This study aims to reduce the implementation costs of visualization methods to promote their utilization. We developed a visual tool to support implementation of visualization methods, because use of visual tools is one of good solutions to reduce the implementation costs [1, 2]. We supported prototyping by building a development environment called Iv Studio (Fig. 1) with a data flow visual language (DVL) for information visualization [3]. However, we need to enhance the following for improving the practical applicability of Iv Studio.

  1. (i)

    Embeddability of visualization methods into programs that require visualization features.

  2. (ii)

    Extensibility of the DVL parts.

We assumed that visualization features are added to existing programs. To enable the addition of visualization features to existing programs, (i) is important. Then, various visualization methods are required in practical use, which makes (ii) also important. Our objective is to enable developers to embed easily the developed methods by Iv Studio into their programs even if parts of the DVL are extended.

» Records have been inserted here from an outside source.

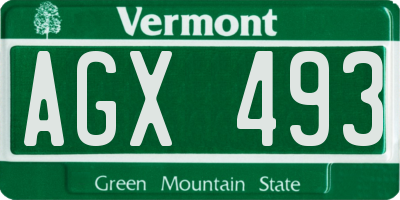 VT license plate AGX493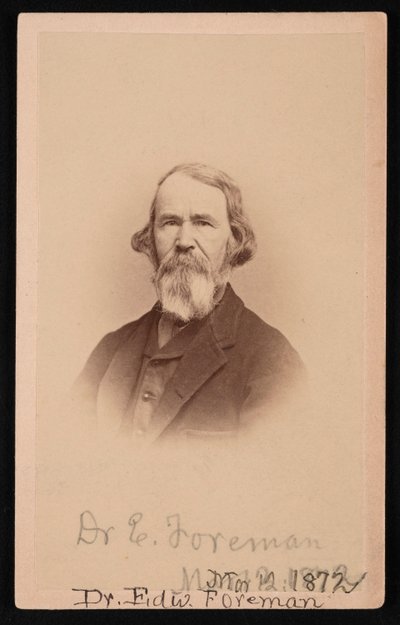 Porträtt av Dr Edward R. Foreman 1808-1885, 12 mars 1872. av John Goldin
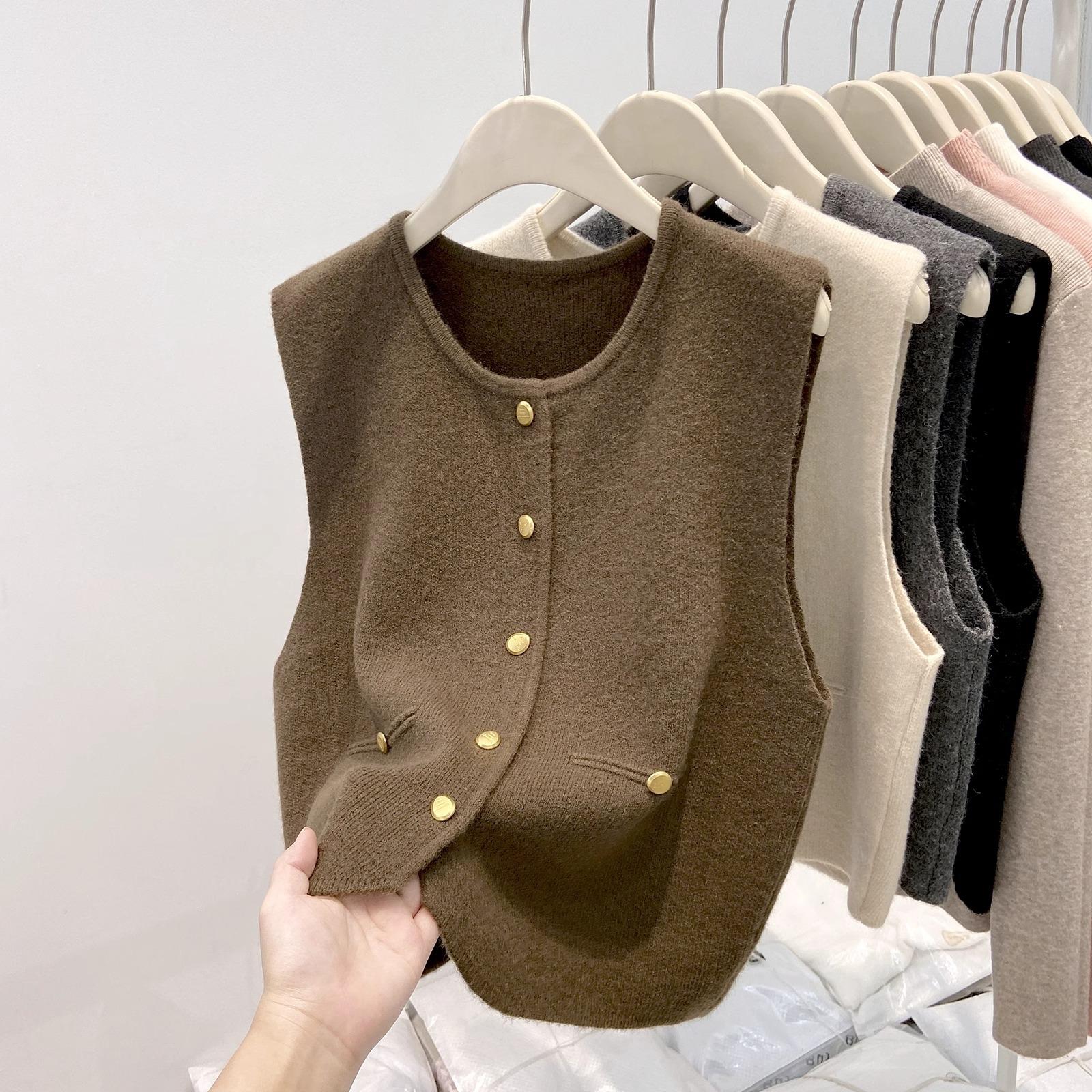 

Single Button Knit Cardigan Women Spring Elegant Knitted Waistcoat Yarn Vest One szie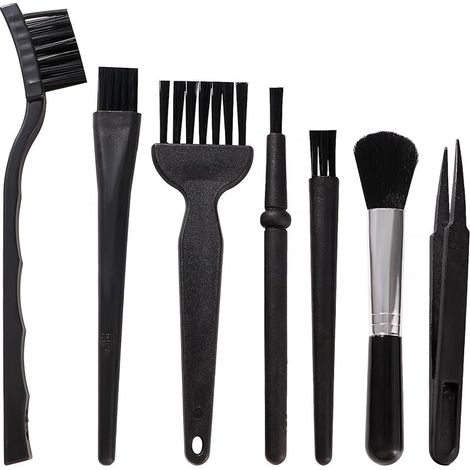 7 Pièces Brosses de Clavier en Nylon Kit, Pinceaux Antistatiques, Nettoyage Ordinateur Pinceaux de Dépoussiérage Kit, pour PC, Sol Conducteur, Carte de Circuit Imprimé, Cartes Mères (1/5)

We consider various data formats, description languages, and Graphics APIs because developers are assumed to add visualization features to existing programs. Developing runtime libraries that support all environments is ideal, but it is not realistic. Thus, we designed an embeddable visualization execution environment that includes the following features:

  1. 1.

    Independence of data formats and Graphics APIs used in target programs.

  2. 2.

    Executing visualization methods on the embeddable virtual machine of the script language.

  3. 3.

    Exporting developed visualization methods as source codes.

  4. 4.

    Low-cost implementation of interface functions.

This study provides an implementation guide for development environments of visualization methods not only for Iv Studio but also for other environments.

Fig. 1.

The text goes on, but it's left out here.